A Aliança das Civilizações das Nações Unidas realizou a sua primeira reunião da segunda etapa no Rio de Janeiro de 8 a 10 de dezembro. Defrontou-se com o tema em que a discussão da interculturalidade encontra o seu limite de diálogo: o reconhecimento do universal dos Direitos Humanos como caminho para a retomada de uma cultura da paz.
Os atentados do 11 de setembro extremaram uma escalada a dar uma nova dimensão ao terrorismo em nosso tempo e o risco de uma “civilização do medo”. Para além do fanatismo sectário, do profissionalismo da radicalidade, a perspectiva internacional dos últimos anos marca-se por uma confrontação que vai além dos preconceitos, das idéias feitas ou dos estereótipos num recíproco perfil das culturas contemporâneas e da busca da sua diferença.
Está em causa uma desconfiança radical capaz de ameaçar as visões de mundo de nosso tempo e o avanço comum do desenvolvimento da pessoa na sua legítima interculturalidade. A exigência de uma plataforma básica dos Direitos Humanos consiste no objetivo desta Aliança das Civilizações, tal como a reconhece as Nações Unidas, no longo percurso, desde a Declaração Francisco, de 1946, passando pela do Cairo, em 1990, na procura e na afirmação crescente do humanismo pedido pela história contemporânea.
A Aliança na amplitude de seus debates pode se dar conta, ao mesmo tempo, dos riscos de uma visão ideológica de tais direitos, ainda como resquício de uma perspectiva dominadora do Oriente Médio, ou da necessidade de ver esses imperativos avançados não por uma magnanimidade internacional, mas pelo reconhecimento universal de um Estado de Direito.
O indiscutível avanço da consciência contemporânea, tal como discutido em Majorca, Doha, Dakar ou Istambul, reconheceu ao mesmo tempo a importância primeira desse estatuto das culturas como garantia do direito à diferença, em que se reconhecem os povos no seu cometimento nacional e no avanço de sua melhoria coletiva. É tal exigência que conduz a retomada de uma “cultura da paz” à busca da globalização contemporânea a se distinguir das condições hegemônicas na vigência da civilização do novo século.
O terrorismo nasce de um inconsciente coletivo chegado ao abate do outro, tal como uma uniformidade de condições de vida, de modelos econômicos e sociais ferem o imperativo do desenvolvimento na intrínseca diferença de liberdade das visões de mundo dos estilos de vida.
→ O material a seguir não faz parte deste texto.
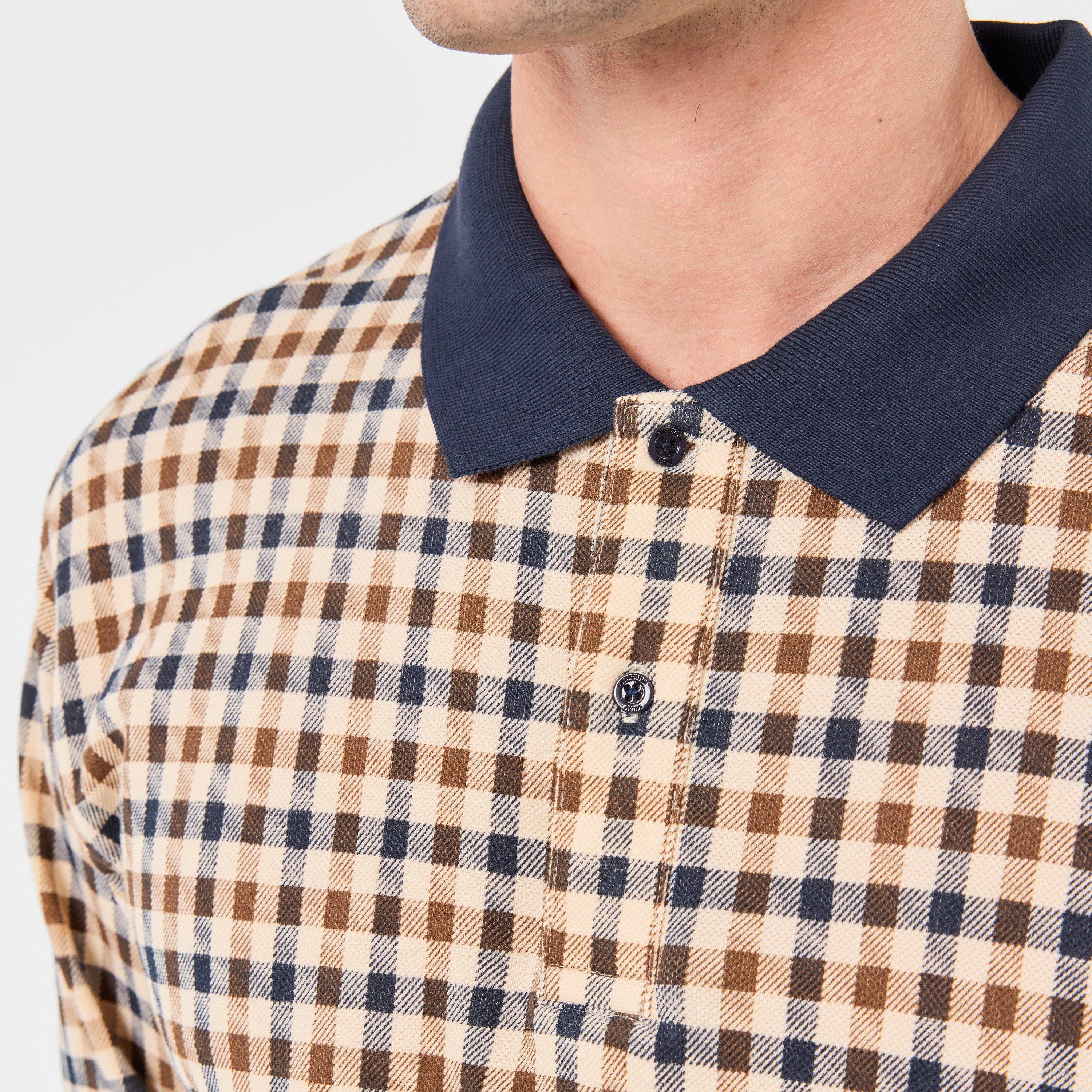 Check - Aquascutum - Men's AquAct Check Long-Sleeve Polo Shirt - 5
Da mesma forma, o recrudescimento dos fundamentalismos identitários já traduz uma condição defensiva daquela hegemonia suscetível de levar a “civilização do medo” ao horizonte das “guerras de religião”.
O programa da Aliança remete-se, pois, a mais aberta e prática das perspectivas, atentando ao nível de conflito internacional inédito trazido pelo 11 de setembro, e de como não é por um mero desejo dos povos que se retoma a cultura da paz, tal como esperada ainda há uma década. Há que buscar as ações afirmativas, o restabelecimento da confiança e, sobretudo, na aposta no jogo amplo das liberdades emq eu a democracia não é um luxo nos países desenvolvidos. Mas na exigência de todo regime que garanta o pluralismo coletivo, desde a sua origem, e a manifestação contínua do dissenso como expressão intrínseca do direito à diferença, no seio de toda a vida coletiva.
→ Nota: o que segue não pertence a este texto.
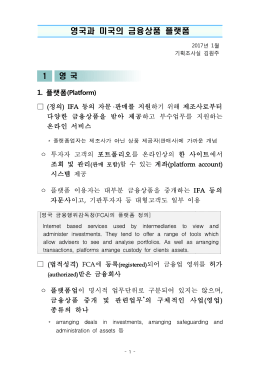 영국과 미국의 금융상품 플랫폼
A democracia profunda – rematou a Aliança – é o suporte final da democracia, na garantia dos sistemas representativos frente aos plebiscitários, da renovação contínua de mandatos, e da real interdependência de poderes. Reconhecendo o quanto a renovação do diálogo implica também uma busca de novas iniciativas, impõe-se para além dos Estados, despertar a criatividade da sociedade civil em genuínas “ações afirmativas”; atentar, ao lado do avanço constante dos direitos humanos, os da humanidade como tal, na afirmação coletiva da diferença; e do direito à memória social. Não há Aliança das Civilizações sem que a individualidade dos povos se afirme na expressão de seu passado – sem cauções, ou releituras, como as veja o presente. A violência à lembrança coletiva ao lado da luta contra o racismo e o terrorismo, está como começarem a ser trazidos ao Tribunal de Haia. E a integridade dos direitos humanos só pode prosperar – se mantiver a continuidade desta memória social – para o “mea culpa” do passado e a verdadeira prospectiva das novas gerações.